In recent years the release of a new Scott Walker album has polarised or perhaps horrified as many as have fallen at his feet. Soused is no exception and when one sees the less than two minute promo (an excerpt from Bull partly sung in Latin) it might be seen more as a warning than as encouragement to buy the record. Although this album is a collaboration with Seattle experimental, drone metal band Sunn O)))), it continues on the same path as Bisch Bosch and The Drift in its desire to avoid songs as much as possible. It’s more like sound with vocals added, not exactly random but you would be forgiven for mistaking the verse for the chorus and vice versa – this of course isn’t the point!

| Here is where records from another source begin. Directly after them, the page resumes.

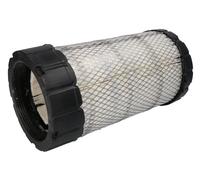 MANN-FILTER C 16 501 Air Filter - for Off-Highway Applications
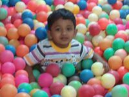 S  S Reddy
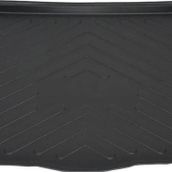 Bizymo Opel Astra J HB 2010-2015 3D Bagaj Havuzu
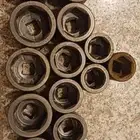 مطلوب كرين للشراء بدون السياره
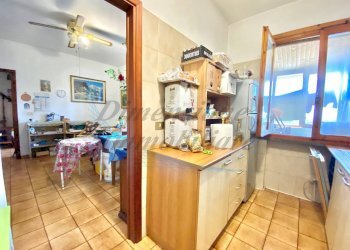 photo_2025-05-16_11-45-21 (2).jpg - Appartamento Via Po 17, Cecina - foto 19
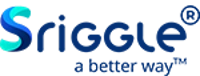 Sriggle Tech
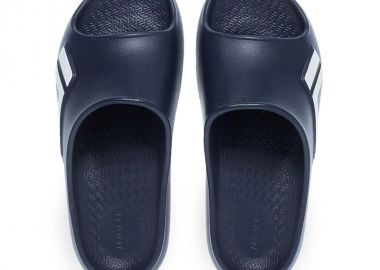 Ανδρικές Σαγιονάρες Θαλάσσης Με Φάσα Luofu 11831139 - LUOFU - 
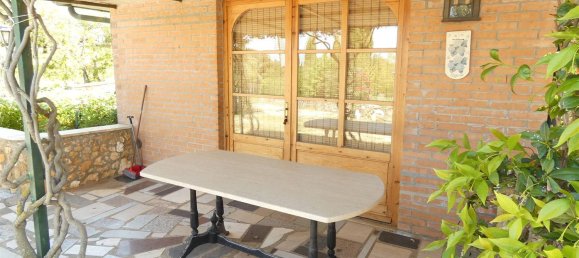 9-salle Maison à Bibbona, Italy No. 230116 13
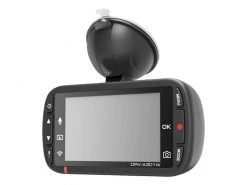 Kenwood Dashcam DRV-A301W -Fahrzeug Verkaufsladen 56284595 xxl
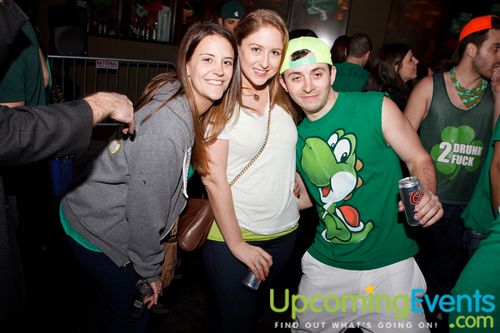 Erin Express Cavanaugh's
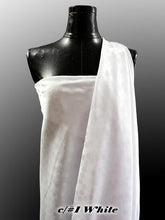 画像をギャラリービューアに読み込む, CS1207 Polyester Jacquard Kikkou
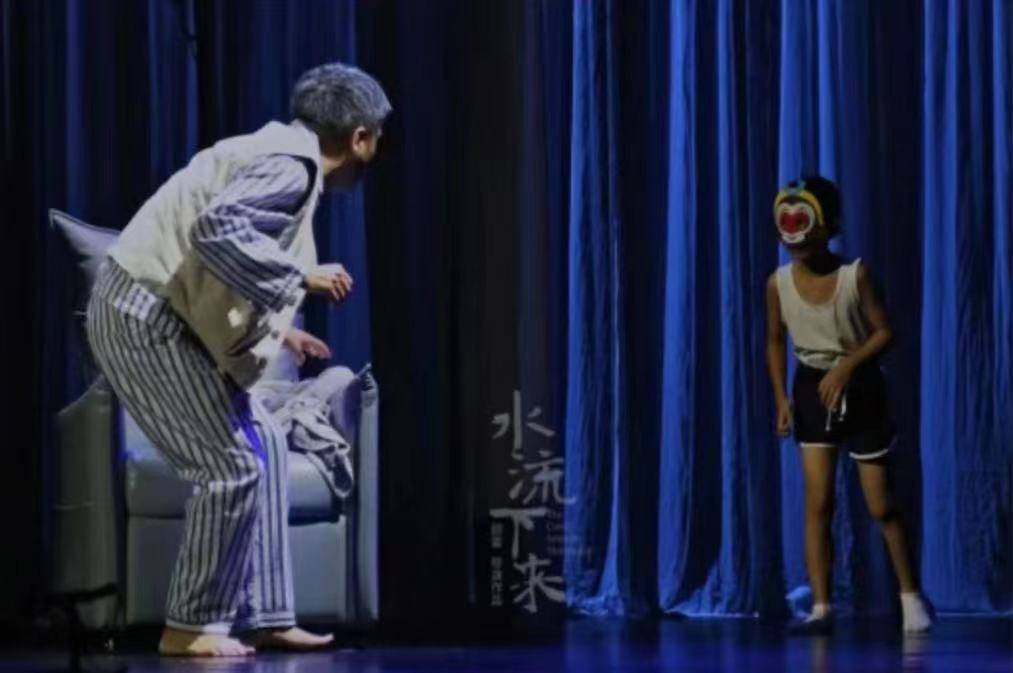 ۾ָVOL.21 | ٷнֹУһͬϷϷ ...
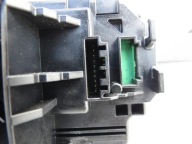 steering wheel levers and controls ring VOLVO S60 II 10-18 31343018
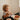 Mushie Silicone Training Cup + Straw - Kiddie Country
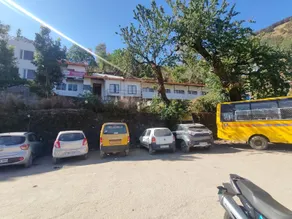 Manikarnika Cottages - Image 3
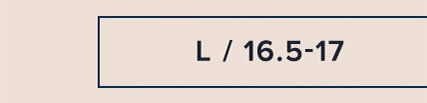 L / 16.5-17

It sounds to me like a medieval gaol transported in a UFO to the other side of the universe. There, on landing on a very dark planet, giant doors open to reveal not monsters but feelings manifested as energy pouring out of jagged craters and lava scorched fissures – emotions as thick black smoke or metallic ore. It’s trauma visualised, it’s an investigation into the complexity of human chaos, acted out in the only place where answers might be found – nowhere! It’s a paradox, a fruitless task and at the same time a fascinating yet deeply pointless meaningful journey where no one’s going to make any friends and in the end it will be totally worth it.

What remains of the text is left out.